WHAT YOU ARE ASKED TO DO:
When you reach the line holding "orange biscuits being" in the material below, return that line and each one after it, word for word, with the pictures dropped.
──────────
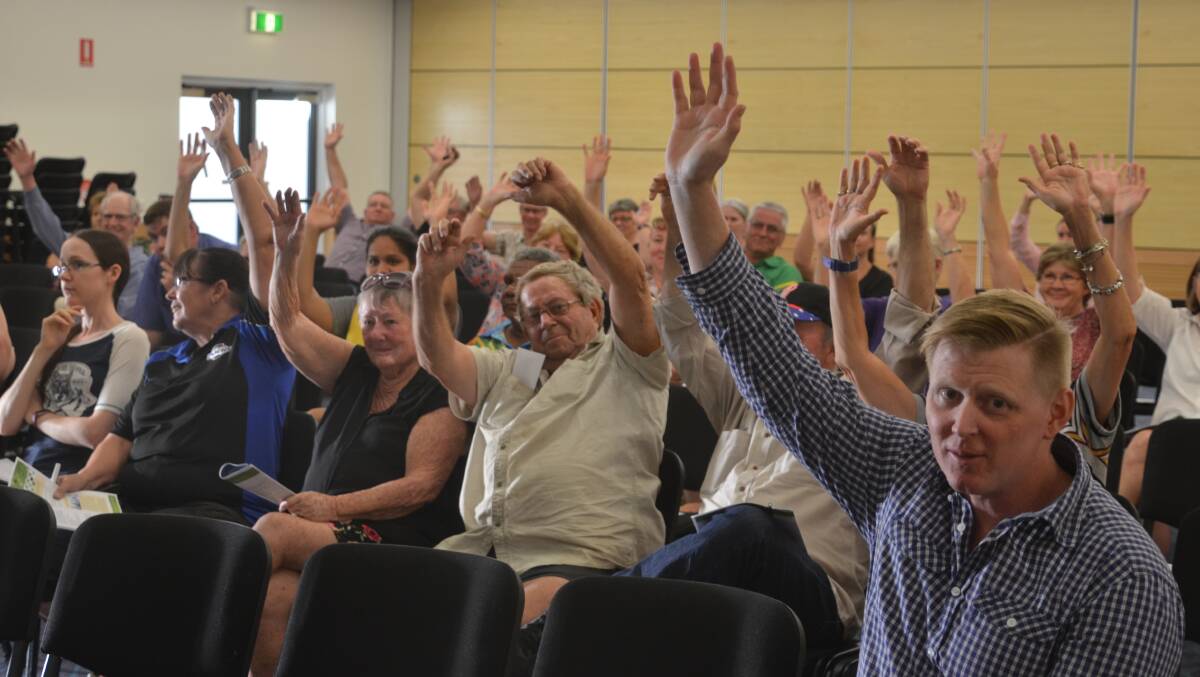 A show of hands in support of one of the Mayor's motions at the meeting.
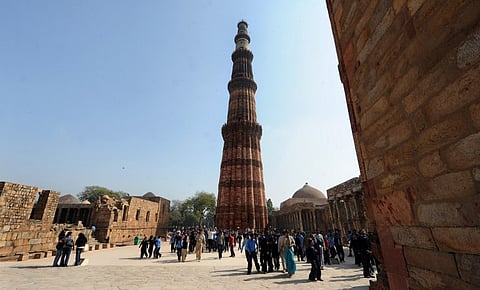 School children and tourists visit the historic landmark Qutub Minar in New Delhi. (Photo | AFP)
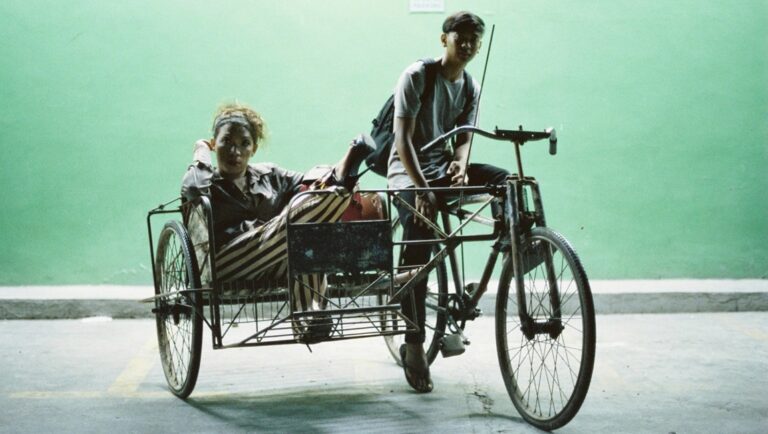 Woman in sidecar, man on bicycle taxi. Southeast Asia travel, local transportation.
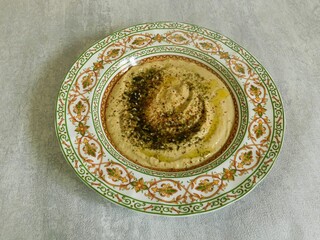 homemade hummus with herbs and olive oil in a traditional oriental dish. vegetarian, healthy food.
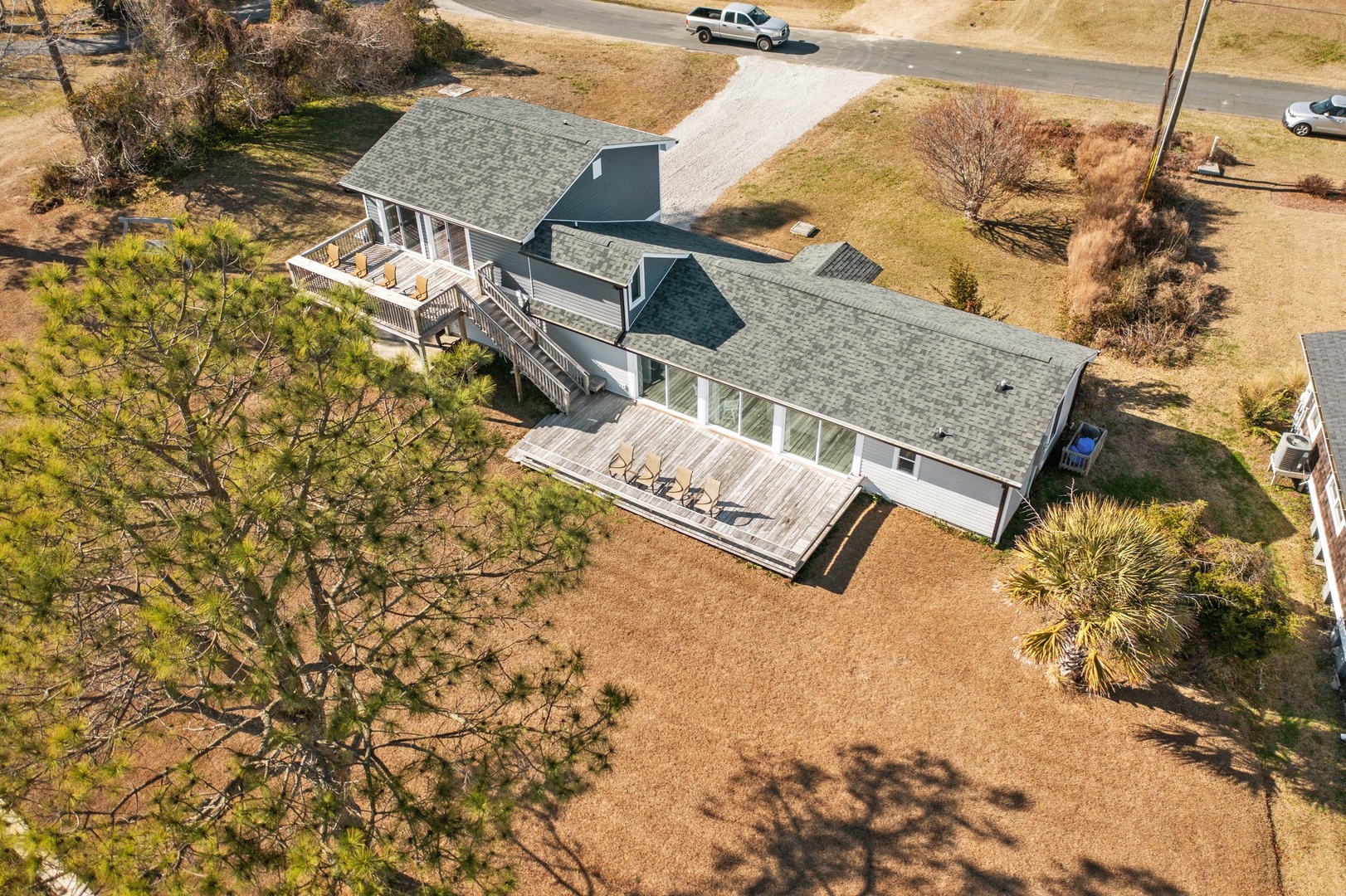 Contemporary beach house with expansive deck and coastal landscaping in a quiet residential setting.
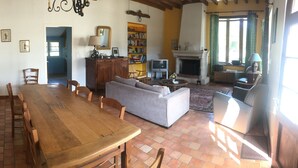 Uma sala de estar ampla com uma mesa de jantar de madeira, um sofá e uma lareira.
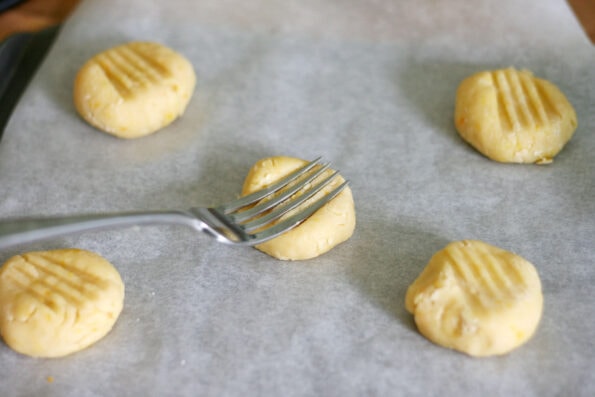 orange biscuits being pressed down with a fork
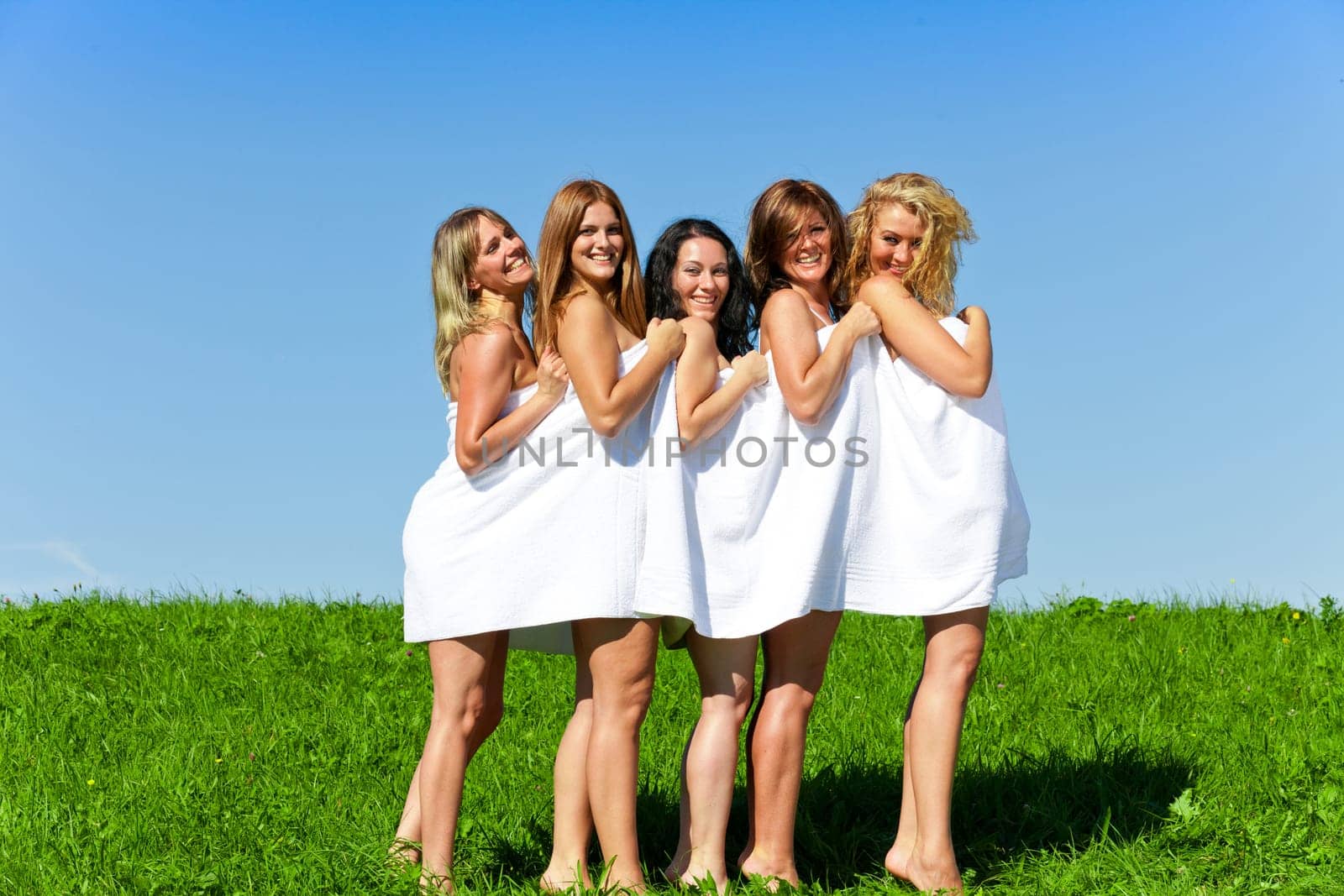 Woman group in towel on the summer meadow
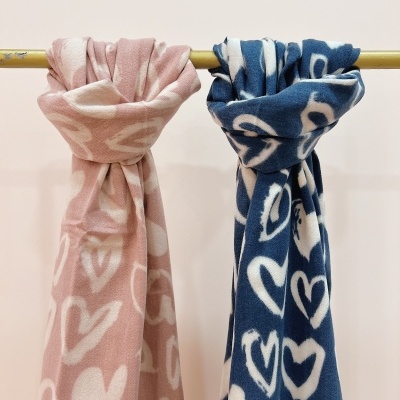 Dois cachecóis coloridos com padrão de corações pendurados num varão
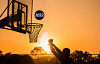 basketball playing shooting a 2022 ball into the hoop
──────────
OUTPUT BELOW:
 orange biscuits being pressed down with a fork
 Woman group in towel on the summer meadow
 Dois cachecóis coloridos com padrão de corações pendurados num varão
 basketball playing shooting a 2022 ball into the hoop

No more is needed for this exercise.